Ce qui n’est pas du tout surprenant en raison notamment de la cacophonie des autorités de la transition dans leur communication visant à désamorcer le scandale. Entre ce qu’ont dit le ministre de la Justice et son homologue du Pétrole et des Mines et les explications fournies par le président du Conseil national pour la sauvegarde de la patrie (CNSP) dans son entretien sur la RTN par rapport à l’affaire, le brouillard est devenu très dense pour permettre une quelconque visibilité.
C’est au regard de cette situation de confusion totale que l’Association nigérienne de lutte contre la corruption (ANLC) Section nigérienne de Transparency International, a publié ce lundi 19 février 2024, un communiqué pour marquer son étonnement sur la légèreté des explications de Tiani sur l’affaire.

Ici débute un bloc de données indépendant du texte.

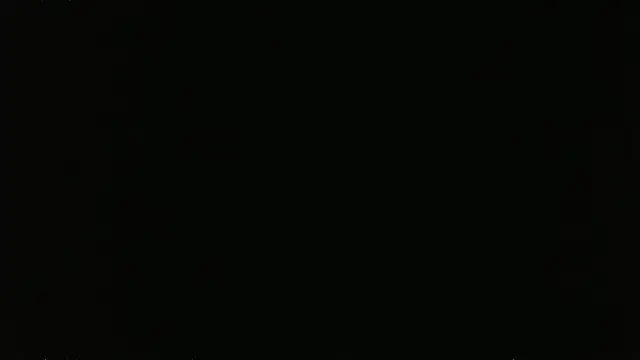 falconcam: διαδικτυακό σόου στην κάμερα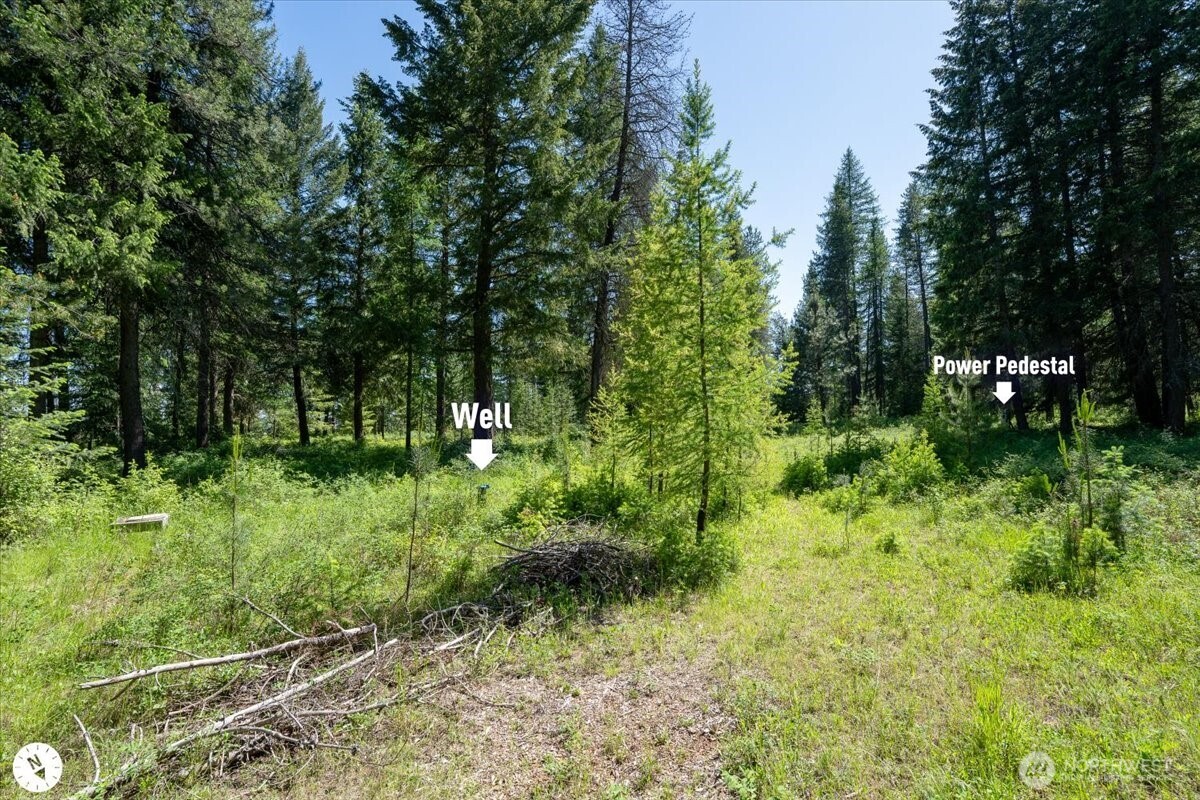 4668 Williams Valley Road Property Photo 33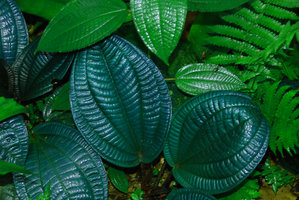 Phyllagathis rotundifolia with blue iridescent crinkled leaves, Taman Negara, Malaysia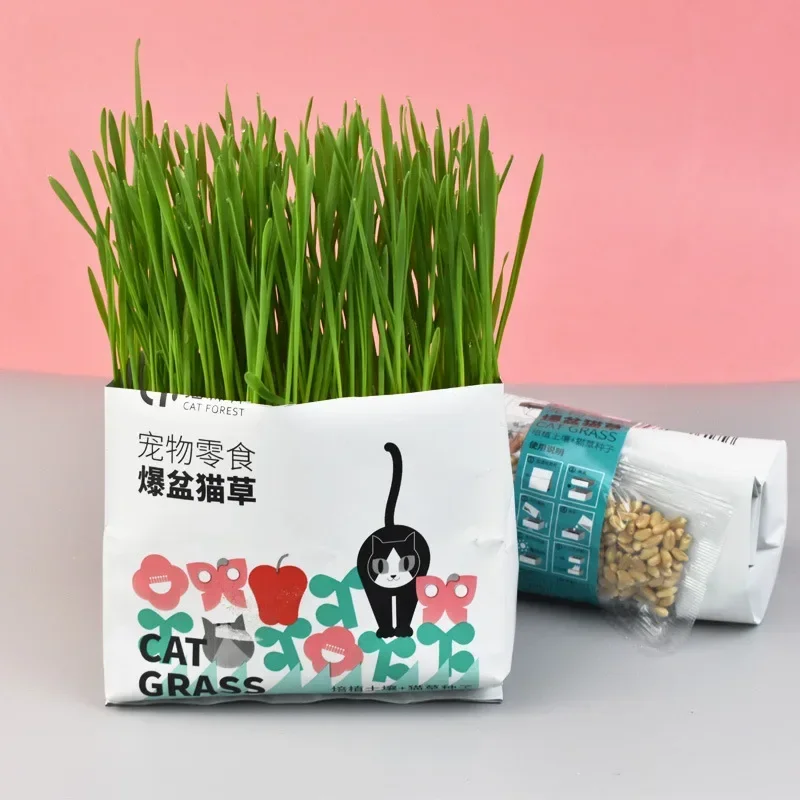 Cat Grass Cat Snacks Hair Ball Grass Potted with Seeds Promote Digestion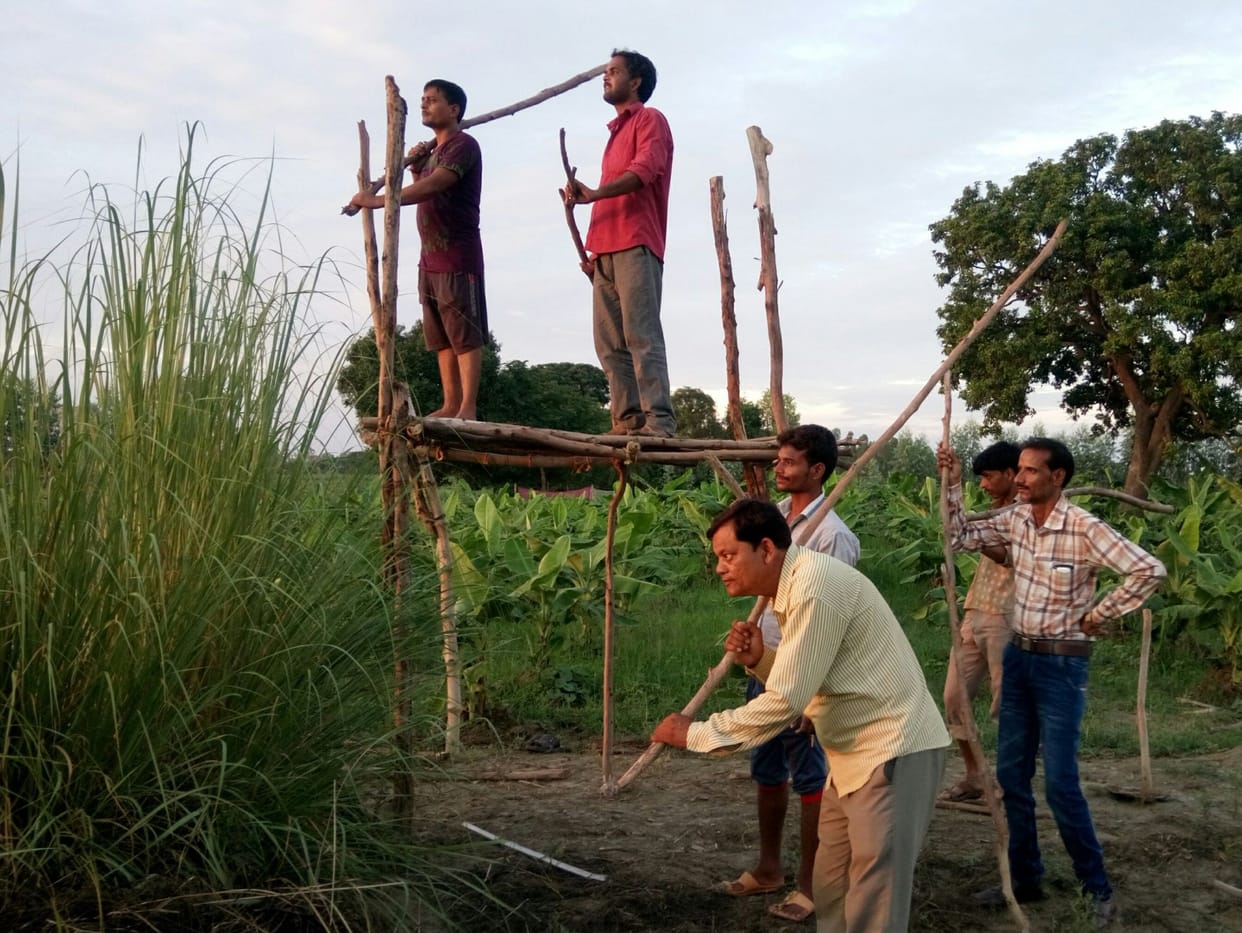 Leopard footprint in sitapur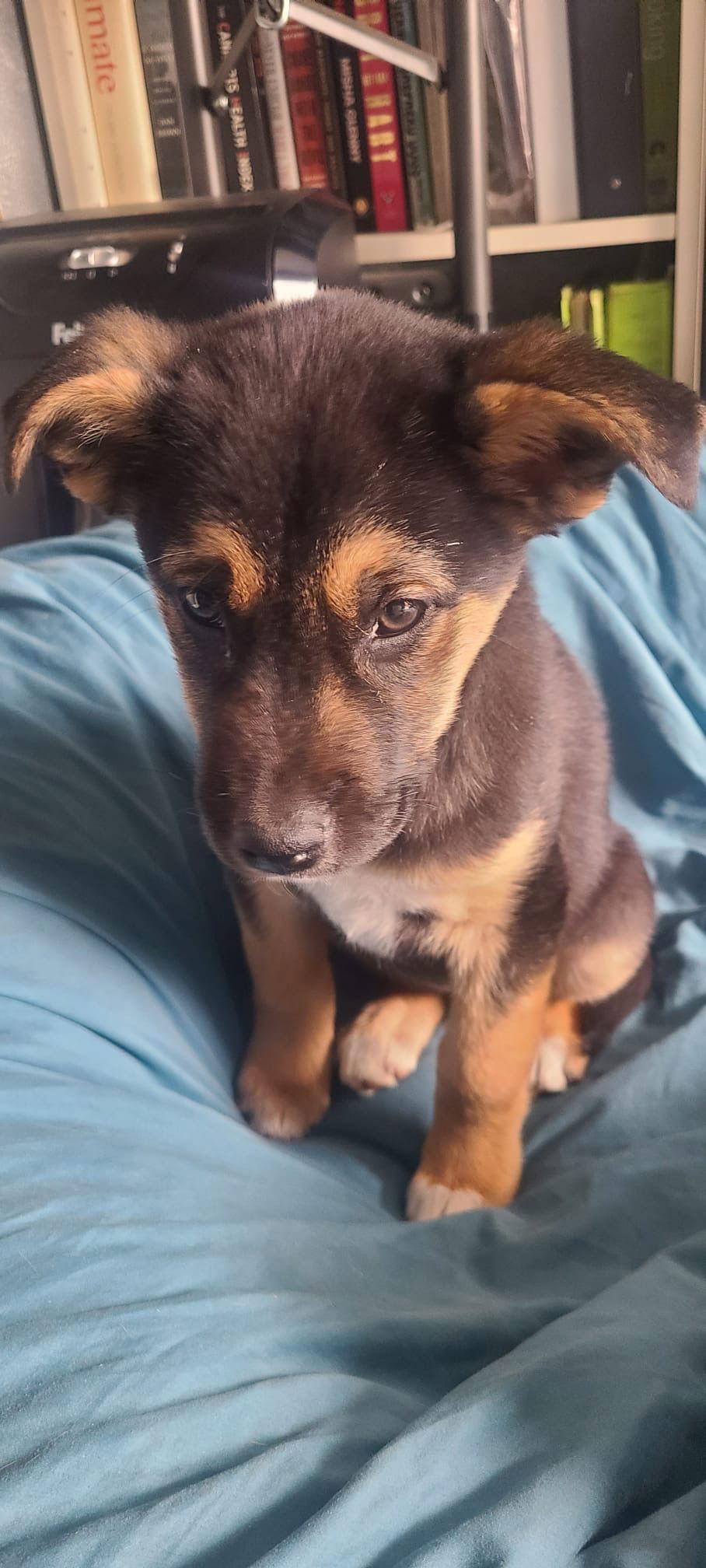 Enlarge Laika, a Adoptable German Shepherd Dog in Etobicoke, ON image 1/1
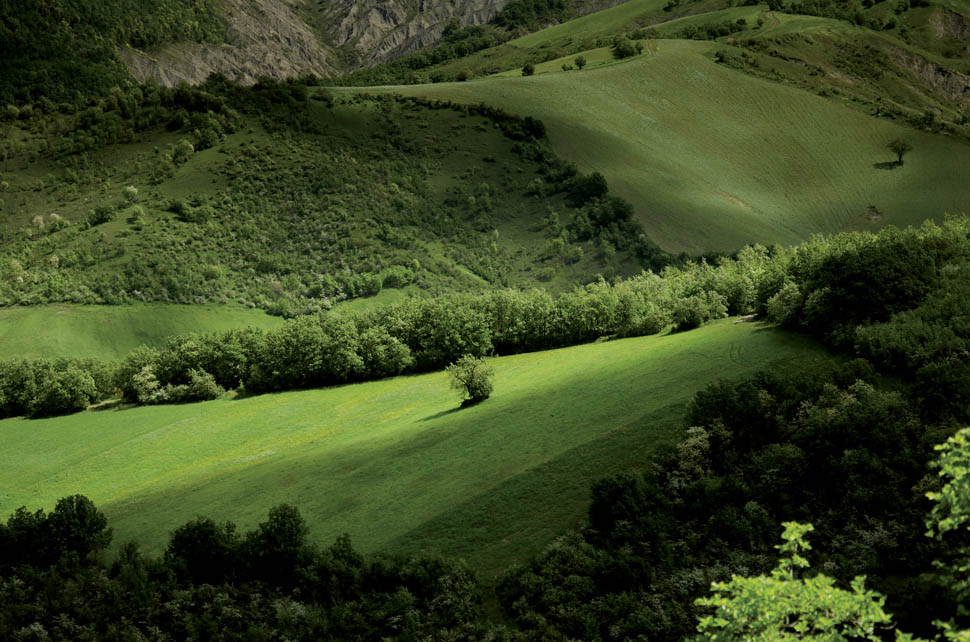 paesaggio reggio emilia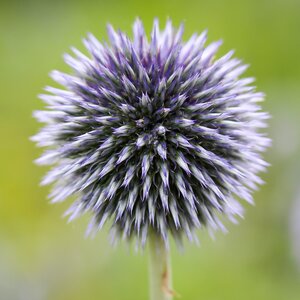 MRS Seeds & Mixtures Azurite - Echinops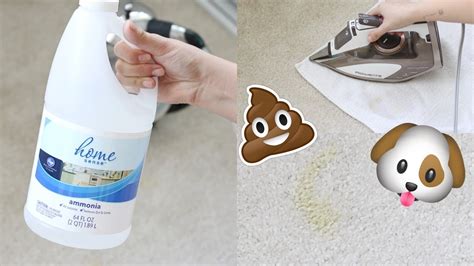 How do you remove old pet stains?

‘’ Après la sortie médiatique du ministre de la Justice et de Droits de l’Homme du 25 janvier 2024, les Nigériens sont surpris de suivre le Président du Conseil National pour la Sauvegarde de la Patrie qui dans l’entretien avec la Télévision Nationale, a réduit cette affaire à un simple montage des « ennemis du Niger » ’’, a déclaré l’ANLC.
Pour l’association, cette attitude ‘’évasive’’ du général Tiani ‘’sur cette question de l’or’’ laisse croire à tout observateur averti qu’il ‘’n’a pas tout dit sur cette affaire et semble moins précis que son ministre de la Justice qui a annoncé fermement la saisine de la Police Judiciaire’’.
L’or étant un métal précieux associé au diable, son extraction de façon artisanale et sa commercialisation ‘’a toujours été ponctuée d’affaires opaques’’, souligne l’ANLC, illustrant ses propos par un cas précis de 2019.
‘’En 2019, une étude de l’Initiative pour la transparence des industries extractives (ITIE) avait un écart de plus de 11 tonnes d’or entre la quantité d’or déclarée au Ministère et la quantité d’or que des acheteurs ont dit avoir acheté à partir du Niger’’, a-t-elle indiqué, renforçant son argumentaire avec un autre cas intervenu en 2020.
‘’En 2020 aussi, selon toujours la même étude, un écart de 16,06 tonnes entre la quantité d’or réellement déclarée et la quantité ayant quitté le Niger est ressorti’’, a ajouté l’association nationale de lutte contre la corruption.
Suite à ce scandale de trafic illégal présumé d’or, le gouvernement a décidé, on se rappelle, de la suspension de toutes licences antérieurement et récemment accordées dans le domaine de la recherche et de l’exploitation du minerai jusqu’à nouvel ordre. Cette mesure vise, selon le ministère des Mines, à mettre de l’ordre dans le secteur.
Pour l’ANLC, le CNSP et le gouvernement doivent aussi ‘’examiner l’Étude de cadrage sur l’amélioration de la prise en compte du secteur minier artisanal et de petite échelle de l’Initiative pour la Transparence des Industries Extractives (ITIE-Niger) et de prendre des mesures qui s’imposent pour une gestion transparente du secteur minier nigérien’’.
Et pour que ce nouveau scandale de trafic d’or ne soit enterrée, elle a lancé ‘’un appel aux organisations de la société civile’’ afin qu’elles se mobilisent pour ‘’exiger la lumière sur la situation des 1.578 kg d’or irrégulièrement retrouvé en Ethiopie’’, informant l’opinion nationale et internationale de son intention de ‘’porter l’affaire d’or devant les tribunaux compétents’’.
L’initiative de l’ANLC est louable. Espérons simplement qu’elle ne sera pas entravée par les tenants du pouvoir actuel qui semblent jouer au cache-cache avec les Nigériens dans la gestion de l’affaire.